SSH Connection Succeeds, But Script Execution Fails to Recognize SSH Key on VM

[DominikWunderlich]

I’m using Tart with Jenkins to establish an SSH connection from a Jenkins agent to a VM running on that agent. The SSH connection itself is successful, but when I try to execute a script on the VM, it seems that the script does not recognize or use the SSH key that was passed.

Steps to Reproduce:

1. Store the SSH private key in Jenkins Credentials.
2. In a Jenkins pipeline, use the withCredentials block to pass the key to the agent.
3. Write the key to a temporary file on the agent.
4. Establish an SSH connection to the VM using the key.
5. Execute a script on the VM that requires SSH access (e.g., to pull from a Git repository).
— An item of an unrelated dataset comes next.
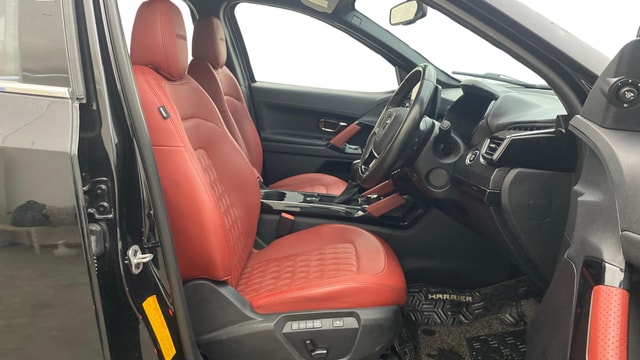 View Tata Harrier Image 18 Used Tata Harrier Image 18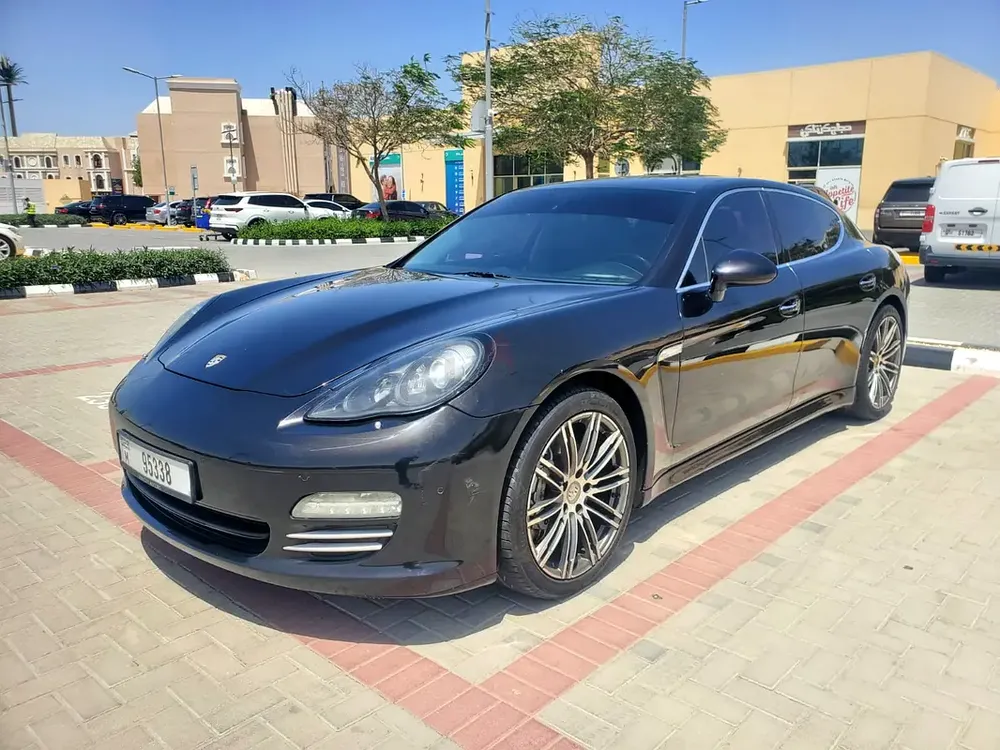 Porsche Panamera 4S 2012 | V8 4.8L | Sports Exhaust | GCC Specs - Image 15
Here’s the relevant portion of my Jenkins pipeline script:

withCredentials([sshUserPrivateKey(credentialsId: 'xyz123', keyFileVariable: 'PK')]) {
    sh """
    printf "%s" "$PK" > /tmp/temp_ssh_key
    chmod 600 /tmp/temp_ssh_key
    sshpass -p $VM_PW ssh -i /tmp/temp_ssh_key -o 'StrictHostKeyChecking=no' $VM_USER@$(tart ip $IMAGE_NAME) 'bash -s' < '${env.WORKSPACE}/myScript.sh'
    rm -f /tmp/temp_ssh_key
    """
}

Expected Behavior:

The script executed on the VM should be able to use the SSH key to perform operations like cloning a Git repository or accessing other SSH-protected resources.

Actual Behavior:

The script on the VM seems to fail when it requires SSH access, indicating that it doesn’t recognize or cannot use the SSH key passed from the Jenkins agent.

Additional Information:

• The SSH connection itself is successful.
• The script execution fails only when it tries to perform SSH-related tasks that require the key.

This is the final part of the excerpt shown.